Wegen Sparmaßnahmen hat diese Schule gerade keinen Musiklehrer und daher die Einstudierung in die Hände der Klassenlehrerinnen der beiden sechsten Klassen gelegt. Die eine der beiden Lehrerinnen kam Anfang November leicht panisch zu mir, weil sie noch nie eine Luciafeier organisieren musste und selbst zugab, keine Ahnung zu haben, wie man aus 32 Sechstklässlern, die keinen Bock haben zu singen, einen Luciachor macht. Eine Frage schien ihr besonderes Kopfzerbrechen zu bereiten:

– „Annika, hier in den Noten aus dem Weihnachtsliederbuch, da stehen doch immer nur der Text und die Melodie. Ich habe früher ja mal Flöte gespielt und kann Noten lesen und ich finde auch alle Töne auf dem Klavier, aber wenn ihr von der Musikschule das spielt, dann klingt das immer nach viel mehr Tönen… wie macht ihr das?“

Ich erkläre ihr kurz das Prinzip „Liedbegleitung nach Akkordsymbolen“ und dass es im Musiklehrerstudium ein Pflichtfach gibt, das „Schulpraktisches Klavierspiel“ heißt. Es scheint sie zu trösten, dass ich noch hinzufüge, dass ich genauso wenig Ahnung hätte, wenn mein Chef mich plötzlich dazu verdonnern würde, Mathe und Chemie zu unterrichten.

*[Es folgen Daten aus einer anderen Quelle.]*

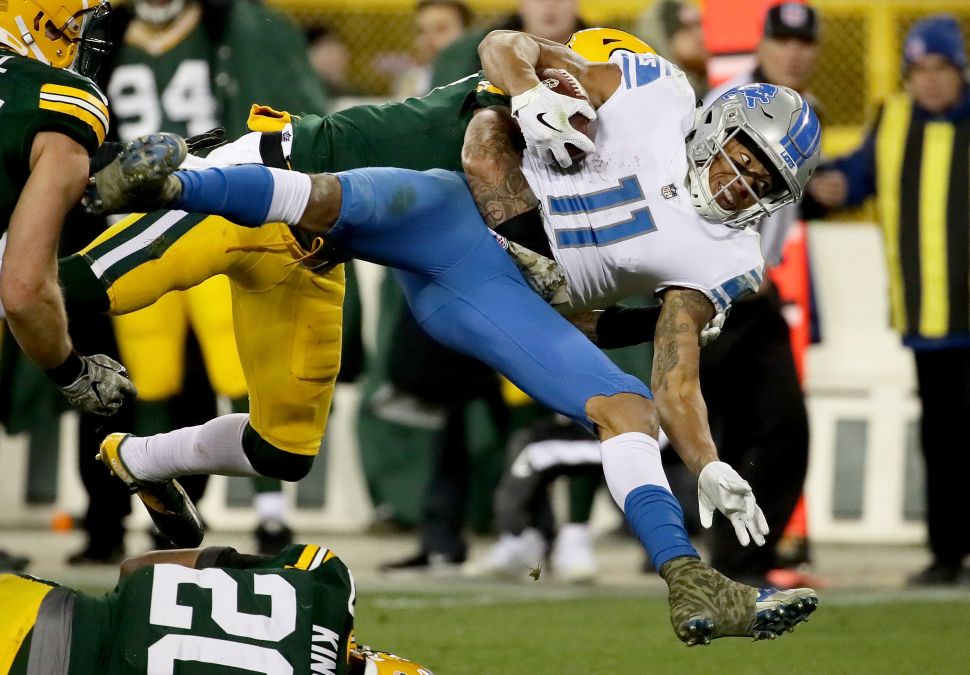 NFL TV Ratings Monday Night Football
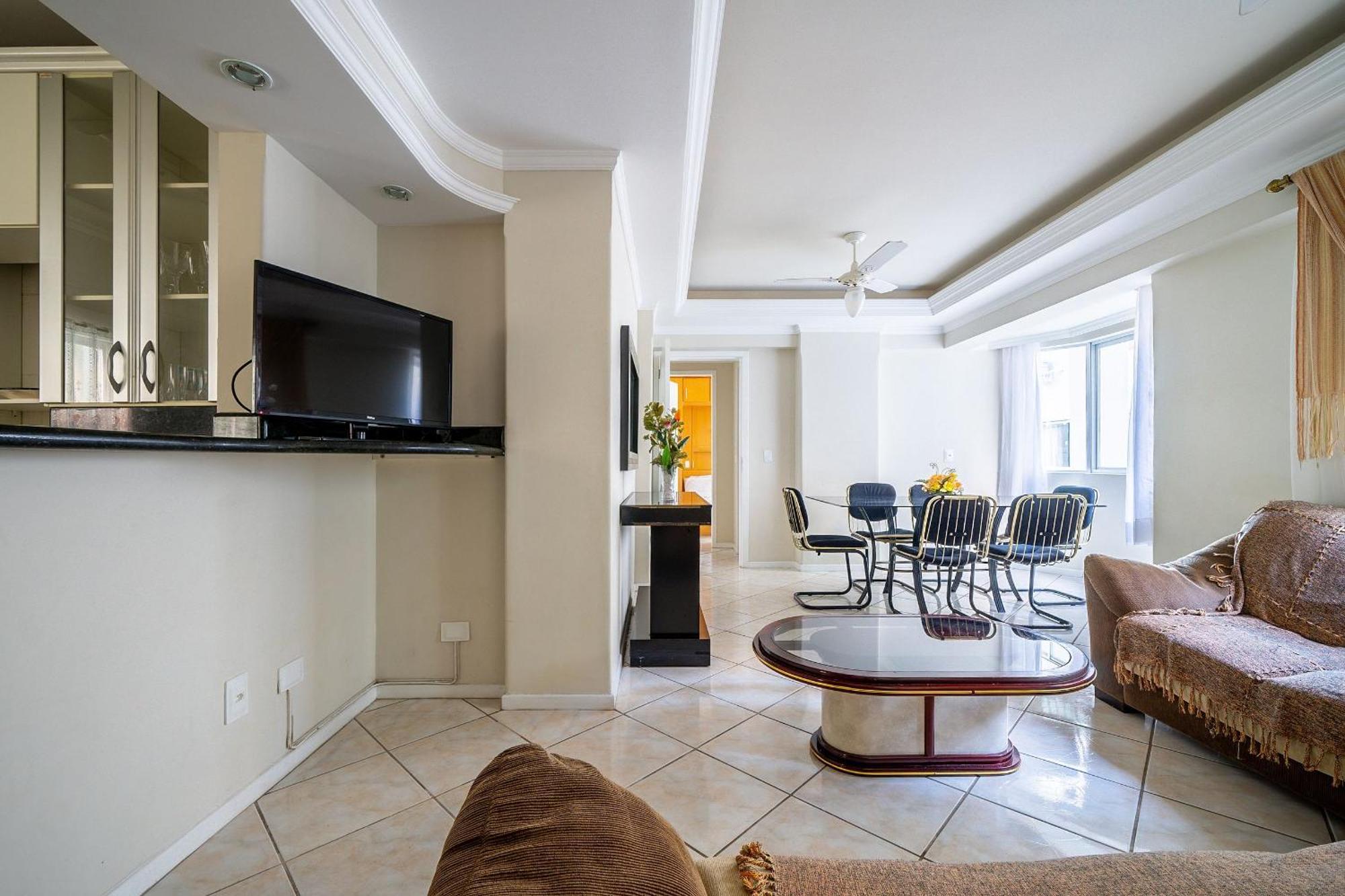 Apartment Belo Apto 100m Do Mar Em Edg401 *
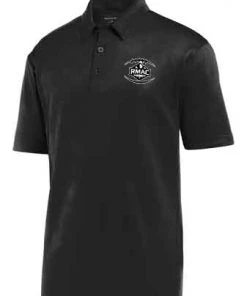 SanMar RMAC PosiCharge Tough Polo RMAC Football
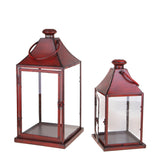 Set di 2 Lanterna   • 54 cm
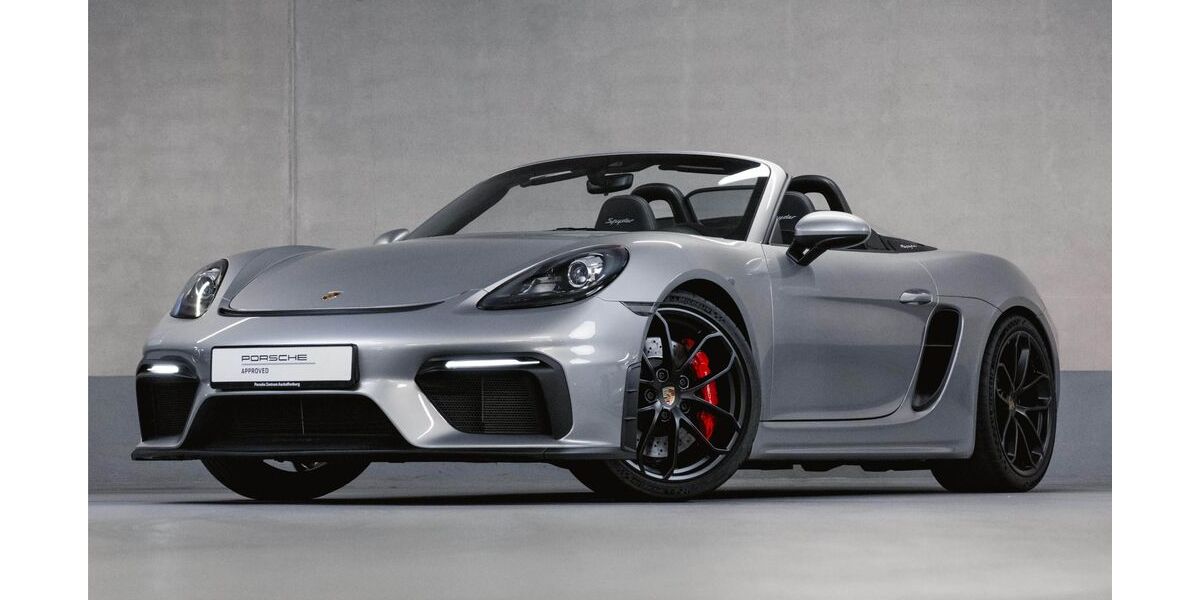 Porsche Boxster 15.500 km 94.870 &euro; Aschaffenburg 63739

– „Letztes Jahr, da hatten wir eine Praktikantin hier und die konnte ein bisschen Keyboard spielen, aber die hat dann gar keine Melodie gespielt und dann wussten die Kinder nie, auf welchem Ton sie anfangen sollten zu singen.“

– „Mhm, vermutlich hat die Praktikantin dann nur die Akkorde gespielt.“

(Ja, wenn man nur Akkorde spielt, womöglich nur in Grundstellung und dann noch möglichst im Bass, dann erschwert das das Singen erheblich, anstatt es zu erleichtern – vor allem, wenn man mit Kindern singt.)

Sie seufzt tief und fragt dann leicht verzweifelt:

„Könntest du denn beides gleichzeitig spielen, Melodie und Akkorde?“

Würde man einen Profifußballer fragen, ob er gleichzeitig rennen und den Ball dribbeln kann, was würde der wohl antworten? Ich bin zwar deutlich schlechter bezahlt als ein Fußballer, aber… nein, Melodie und Akkorde gleichzeitig zu spielen, stellt kein größeres Hindernis für mich dar. Ich kann dabei sogar singen, den Chorkindern Einsätze zunicken, den anderen Kindern strenge Blicke zuwerfern, wenn sie zu laut werden und wenn es sein muss auch noch gleichzeitig meinen Schlüsselbund aus der Hosentasche ziehen, weil jemand ganz dringend den Schlüssel zum Musiksaal braucht.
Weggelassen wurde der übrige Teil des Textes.